* [What you are asked to do]
Write out a word-for-word repetition of the lines that come before the line containing "Subterra 2 Crossbody Bag 5L - Dark Slate 9" in the listing below, along with that line itself, omitting pictures.

* [Source data]
──────────────────────────────

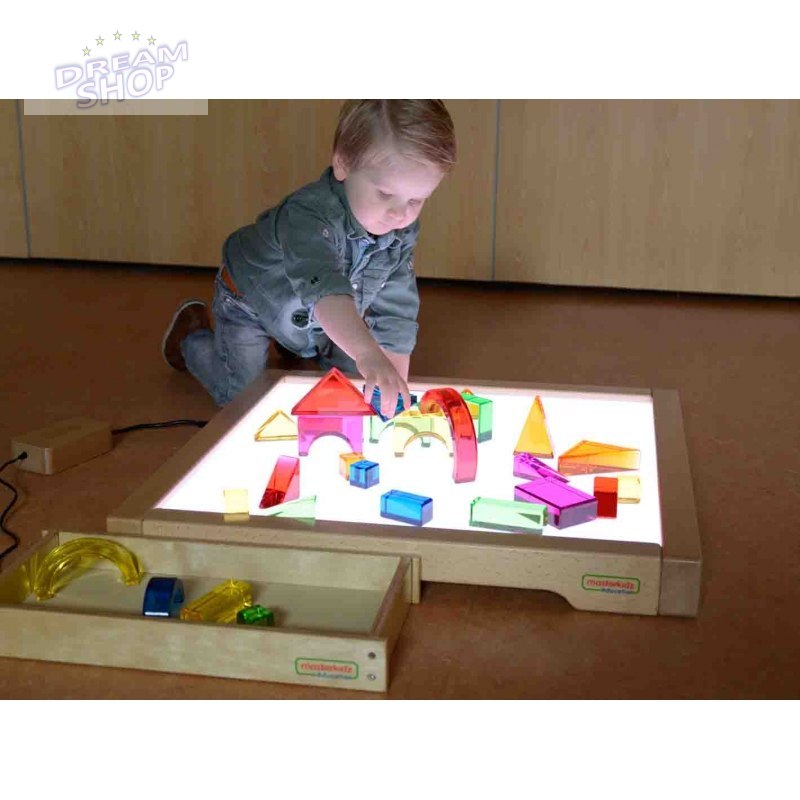Przezroczyste Kolorowe Klocki Akrylowe Masterkidz Nauka O Kolorach Przezroczyste Kolorowe Klocki Akrylowe Masterkidz Nauka O Kolorach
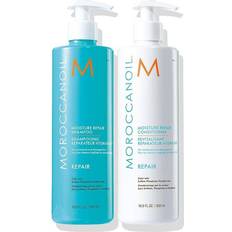 Blau Geschenkboxen & Sets Moroccanoil Moisture Repair Shampoo & Conditioner Duo 2x500ml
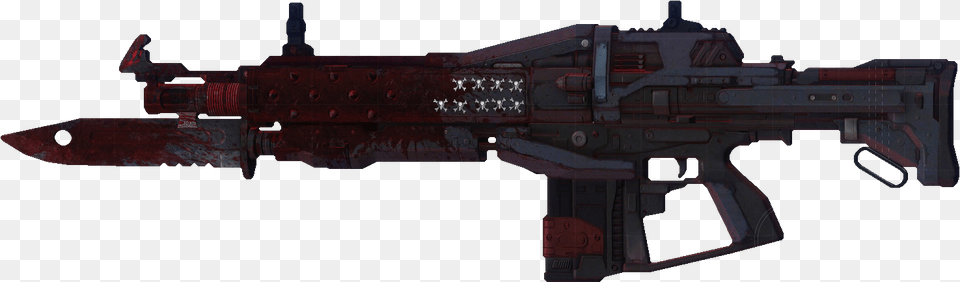 X 460 1 Destiny Exotics Red Death, Firearm, Gun, Rifle, Weapon Png Image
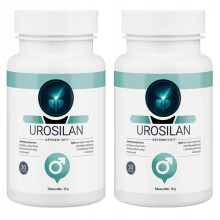 2x Urosilan - sundhedstilskud til prostata og urinveje 30 kapsler
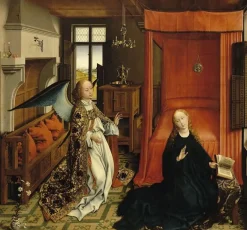 Boutiques de musées Panneaux Aluminium|Panneaux Acryliques-L'Annonciation (panneaux aluminium)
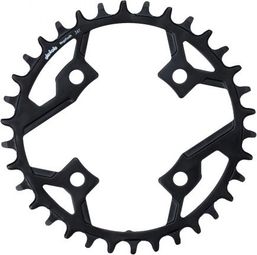 FSA Gamma Pro Chainring 1X | BCD 82 | Black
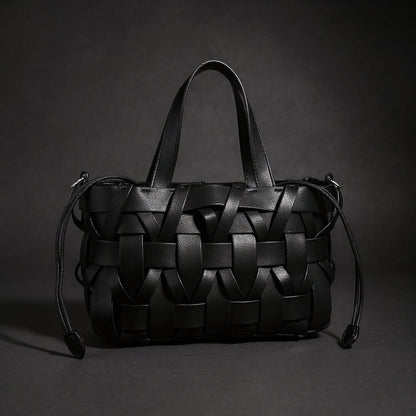 Bolso de Mano Tejido a Mano Camille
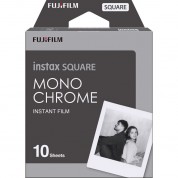 Fujifilm Instax Square Monochrome Film 10 Exposures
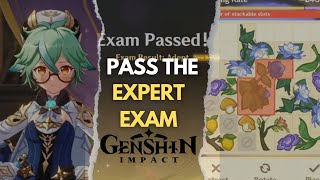 Pass the Expert Exam  Alchemical Ascension  Genshin Impact  NiNJA SiR GAMiNG [upl. by Wendye]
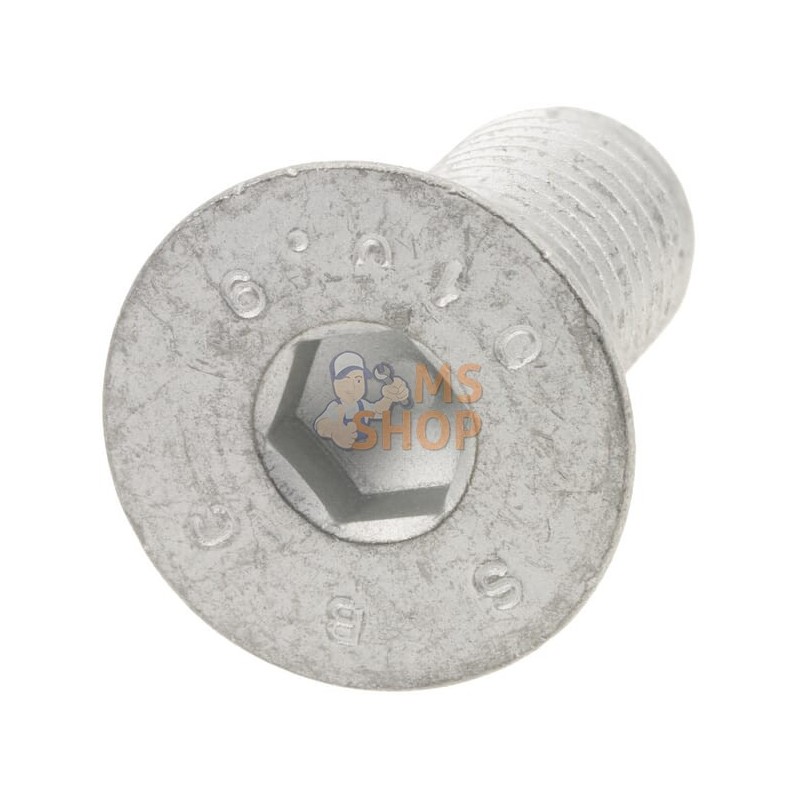 Boulon à tête fraisée M16x40-10.9 DIN7991 BK45 | LEMKEN Boulon à tête fraisée M16x40-10.9 DIN7991 BK45 | LEMKENPR#1020202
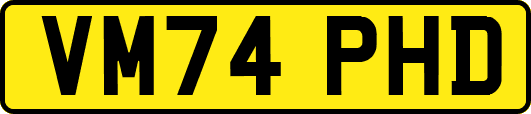 VM74PHD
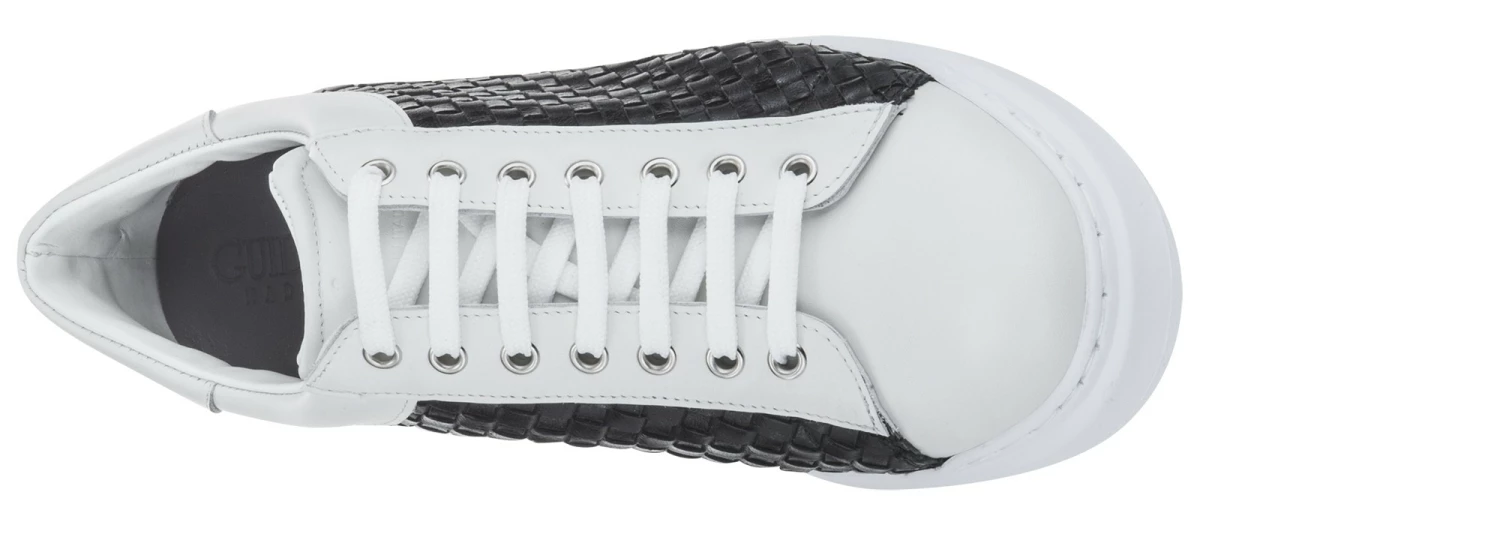 Dolciano - Elevator Sneakers In Mix Of Leathers From 2.4 To 3.1 Inches 6 Dolciano - Elevator Sneakers In Mix Of Leathers From 2.4 To 3.1 Inches - Image 4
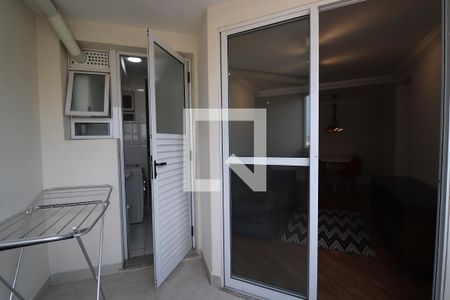 Varanda Sala de apartamento para alugar com 3 quartos, 72m² em Jardim Monte Libano, Santo André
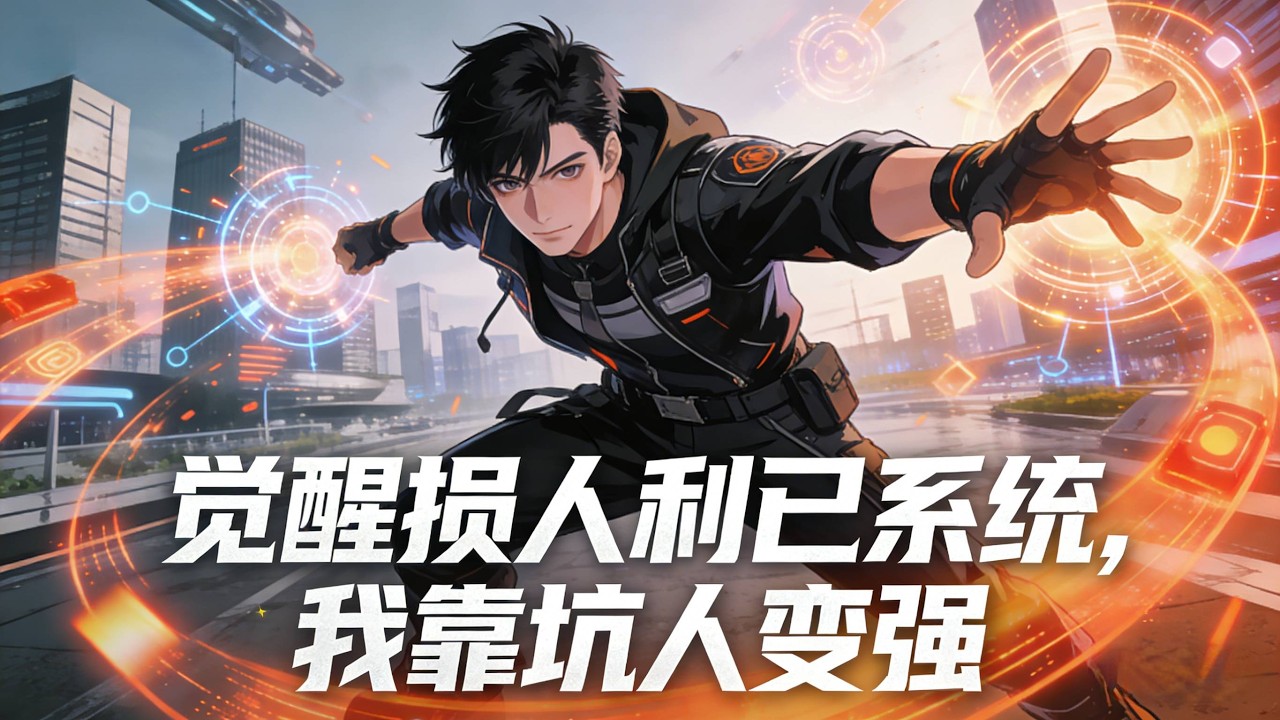 【Multi Sub】《觉醒損人利己系統，我靠坑人變強》為了活命，我只能一路「損人利己」到世界之巔！#漫劇 #動態漫 #AI漫劇 #動漫 #動畫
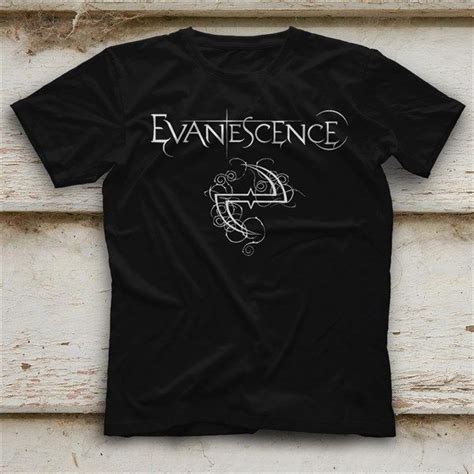 Evanescence Black Unisex T Shirt Tees Shirts Evanescence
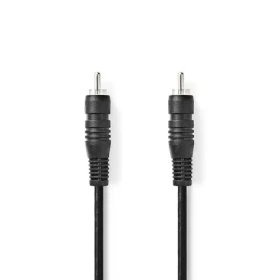 Nedis Digitální Audio kabel RCA (M) - RCA (M) 2.00 m černá (CAGB24170BK20)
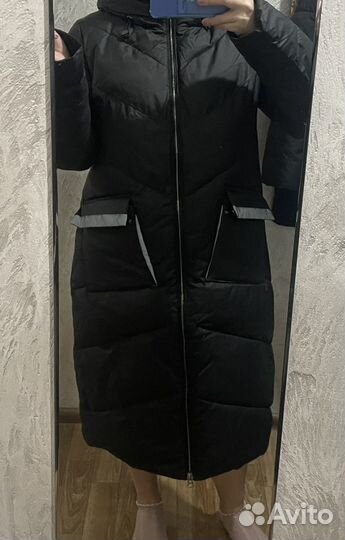 Пуховик зимний женский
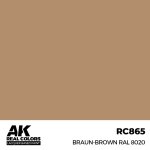 AK Interactive RC865 Braun-Brown RAL 8020 17 ml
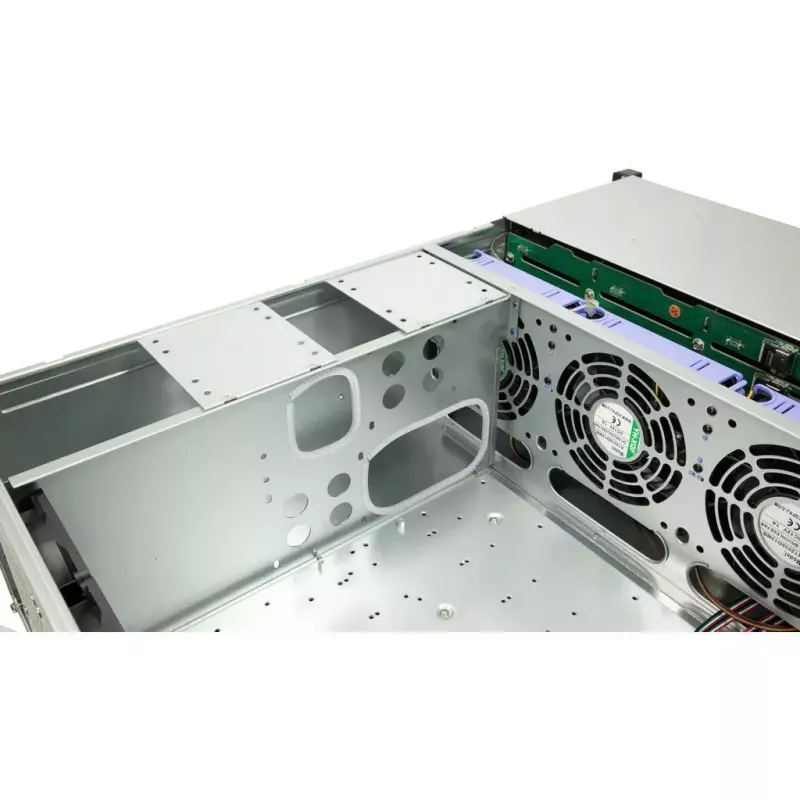 HDD korpusas Inter-Tech 4U-4724 pilkas 2,5/3,5 colio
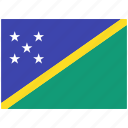 flag, country, world, national, nation, solomon, islands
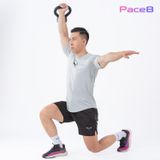  Áo Thun Thể Thao Nam Wolf Active Powerfit 191 Tập Gym, Vải Active Max Mềm Mịn, Thoáng Khí 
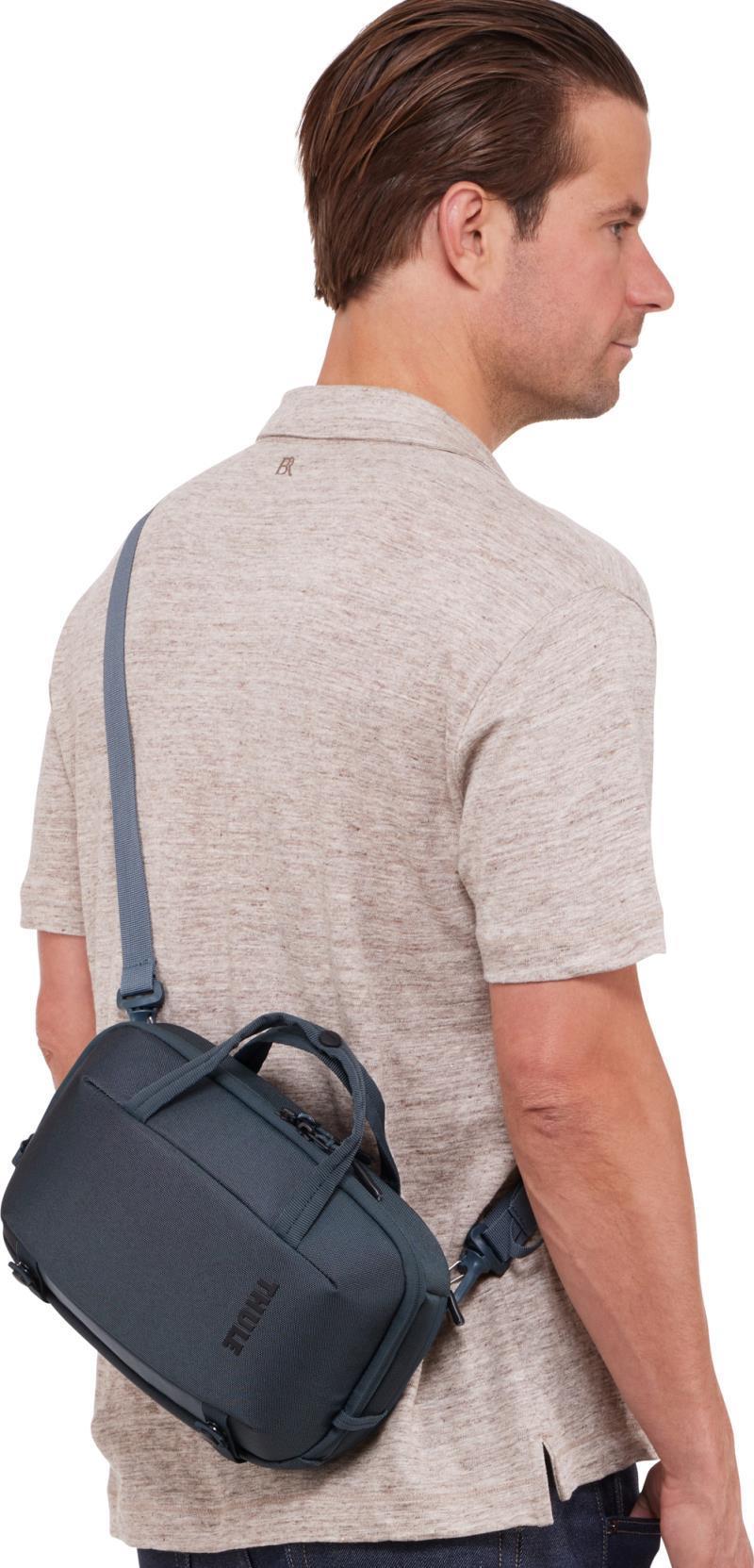 Subterra 2 Crossbody Bag 5L - Dark Slate 9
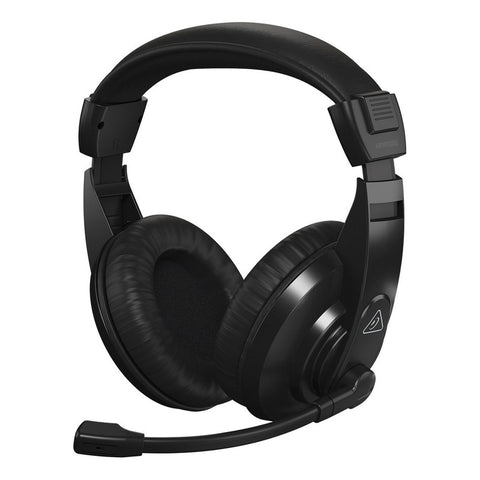 Audífonos Profesionales Usb Con Micrófono Behringer Hpm1100u Negro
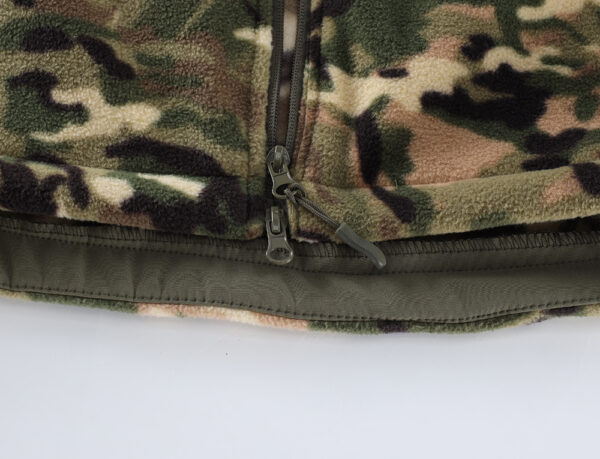 Casaca Táctica Polar Modelo Hoodies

──────────────────────────────

* [Exercise output]
Przezroczyste Kolorowe Klocki Akrylowe Masterkidz Nauka O Kolorach Przezroczyste Kolorowe Klocki Akrylowe Masterkidz Nauka O Kolorach
 Blau Geschenkboxen & Sets Moroccanoil Moisture Repair Shampoo & Conditioner Duo 2x500ml
 X 460 1 Destiny Exotics Red Death, Firearm, Gun, Rifle, Weapon Png Image
 2x Urosilan - sundhedstilskud til prostata og urinveje 30 kapsler
 Boutiques de musées Panneaux Aluminium|Panneaux Acryliques-L'Annonciation (panneaux aluminium)
 FSA Gamma Pro Chainring 1X | BCD 82 | Black
 Bolso de Mano Tejido a Mano Camille
 Fujifilm Instax Square Monochrome Film 10 Exposures
 Pass the Expert Exam  Alchemical Ascension  Genshin Impact  NiNJA SiR GAMiNG [upl. by Wendye]
 Boulon à tête fraisée M16x40-10.9 DIN7991 BK45 | LEMKEN Boulon à tête fraisée M16x40-10.9 DIN7991 BK45 | LEMKENPR#1020202
 VM74PHD
 Dolciano - Elevator Sneakers In Mix Of Leathers From 2.4 To 3.1 Inches 6 Dolciano - Elevator Sneakers In Mix Of Leathers From 2.4 To 3.1 Inches - Image 4
 Varanda Sala de apartamento para alugar com 3 quartos, 72m² em Jardim Monte Libano, Santo André
 【Multi Sub】《觉醒損人利己系統，我靠坑人變強》為了活命，我只能一路「損人利己」到世界之巔！#漫劇 #動態漫 #AI漫劇 #動漫 #動畫
 Evanescence Black Unisex T Shirt Tees Shirts Evanescence
 Nedis Digitální Audio kabel RCA (M) - RCA (M) 2.00 m černá (CAGB24170BK20)
 Пуховик зимний женский
 AK Interactive RC865 Braun-Brown RAL 8020 17 ml
 HDD korpusas Inter-Tech 4U-4724 pilkas 2,5/3,5 colio
 flag, country, world, national, nation, solomon, islands
  Áo Thun Thể Thao Nam Wolf Active Powerfit 191 Tập Gym, Vải Active Max Mềm Mịn, Thoáng Khí 
 Subterra 2 Crossbody Bag 5L - Dark Slate 9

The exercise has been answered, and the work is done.